Designing dual-functional mesoporous g-C3N4 nanosheets doped with KPF6 for H2O2 production and antibiotic degradation

The development of versatile photocatalytic material is an effective strategy to accelerate the generation of clean chemical products and the degradation of antibiotics. Herein, KPF6-modified graphite carbon nitrides were obtained through calcination of melamine-cyanuric acid supramolecular-complex in the existence of potassium hexafluorophosphate (KPF6), and the material with a KPF6 mass fraction of X% was named KPFCN-X. The doping of KPF6 optimized the band gap and visible light absorption capacity of the material, which could effectively accelerate the separation of photo-induced electron-hole pairs, and extended the lifetime of photoexcited electrons. Supported by the mesoporous structure and higher specific surface area, the optimized material provided abundant active sites for effective adsorption and utilization of oxygen molecules thus more conducive to H2O2 production.
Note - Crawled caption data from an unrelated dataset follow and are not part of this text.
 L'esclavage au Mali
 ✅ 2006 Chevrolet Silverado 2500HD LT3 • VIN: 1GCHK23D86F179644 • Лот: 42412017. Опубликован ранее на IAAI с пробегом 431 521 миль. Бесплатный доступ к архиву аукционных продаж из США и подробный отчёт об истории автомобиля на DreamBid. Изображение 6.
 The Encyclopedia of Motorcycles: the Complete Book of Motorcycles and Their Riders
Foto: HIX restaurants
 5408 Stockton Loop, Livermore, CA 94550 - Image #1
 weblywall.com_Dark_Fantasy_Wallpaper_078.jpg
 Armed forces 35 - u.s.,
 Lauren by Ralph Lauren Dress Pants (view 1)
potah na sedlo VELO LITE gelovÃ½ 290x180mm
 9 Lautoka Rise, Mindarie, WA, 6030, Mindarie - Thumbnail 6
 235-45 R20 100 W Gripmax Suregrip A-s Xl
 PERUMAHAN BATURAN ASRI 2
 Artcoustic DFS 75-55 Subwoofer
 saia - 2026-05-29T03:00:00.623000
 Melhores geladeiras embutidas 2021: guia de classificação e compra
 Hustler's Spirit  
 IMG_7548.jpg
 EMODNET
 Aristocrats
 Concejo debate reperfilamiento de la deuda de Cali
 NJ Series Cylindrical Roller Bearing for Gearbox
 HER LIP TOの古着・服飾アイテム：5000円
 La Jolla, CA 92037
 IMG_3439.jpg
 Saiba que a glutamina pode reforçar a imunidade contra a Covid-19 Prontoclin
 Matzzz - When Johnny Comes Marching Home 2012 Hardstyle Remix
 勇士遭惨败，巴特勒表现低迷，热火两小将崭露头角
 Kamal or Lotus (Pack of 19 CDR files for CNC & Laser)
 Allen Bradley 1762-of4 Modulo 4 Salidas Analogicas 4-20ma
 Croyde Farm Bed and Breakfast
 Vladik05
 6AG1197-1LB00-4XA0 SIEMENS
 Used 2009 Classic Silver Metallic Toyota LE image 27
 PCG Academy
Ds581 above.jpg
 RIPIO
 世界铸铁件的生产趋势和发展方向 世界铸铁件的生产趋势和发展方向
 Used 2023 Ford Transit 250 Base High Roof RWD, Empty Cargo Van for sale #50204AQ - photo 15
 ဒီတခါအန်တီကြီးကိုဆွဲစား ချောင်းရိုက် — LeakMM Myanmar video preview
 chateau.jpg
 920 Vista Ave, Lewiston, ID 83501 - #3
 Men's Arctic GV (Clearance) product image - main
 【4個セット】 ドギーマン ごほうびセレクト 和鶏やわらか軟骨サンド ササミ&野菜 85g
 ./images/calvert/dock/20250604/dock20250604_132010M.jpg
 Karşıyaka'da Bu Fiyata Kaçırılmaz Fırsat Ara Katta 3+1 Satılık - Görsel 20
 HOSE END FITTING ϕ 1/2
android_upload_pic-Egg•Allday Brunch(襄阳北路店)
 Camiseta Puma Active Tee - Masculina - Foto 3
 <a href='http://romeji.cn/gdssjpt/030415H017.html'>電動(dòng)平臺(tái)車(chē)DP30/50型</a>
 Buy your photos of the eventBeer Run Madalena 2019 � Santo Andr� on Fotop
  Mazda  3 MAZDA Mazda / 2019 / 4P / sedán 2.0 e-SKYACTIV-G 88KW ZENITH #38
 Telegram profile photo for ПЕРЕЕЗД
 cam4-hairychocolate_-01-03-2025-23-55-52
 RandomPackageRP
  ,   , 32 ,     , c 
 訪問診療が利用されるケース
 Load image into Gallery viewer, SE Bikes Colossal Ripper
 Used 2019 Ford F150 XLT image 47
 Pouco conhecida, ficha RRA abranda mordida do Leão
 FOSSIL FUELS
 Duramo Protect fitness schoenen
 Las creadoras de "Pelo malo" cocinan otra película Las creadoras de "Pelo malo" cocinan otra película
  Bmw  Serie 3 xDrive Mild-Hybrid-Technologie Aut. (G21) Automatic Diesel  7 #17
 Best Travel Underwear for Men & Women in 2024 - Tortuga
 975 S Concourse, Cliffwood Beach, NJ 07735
In the absence of additional O2, the H2O2 yield of KPFCN-1 was essentially the same as in the presence of O2 (2.25mmol·L-1). Additionally, photocatalysis using KPFCN-1 displayed great degradation performance on antibiotics, which removed more than 90% of ciprofloxacin hydrochloride (CIP) and tetracycline hydrochloride (TC) in 180min. Based on the results of various experimental characterizations, the mechanism of photocatalytic H2O2 production and photocatalytic degradation of CIP and TC by KPFCN were proposed. The KPFCN composite holds good promise in photocatalytic production of H2O2 and treatment of antibiotic wastewater.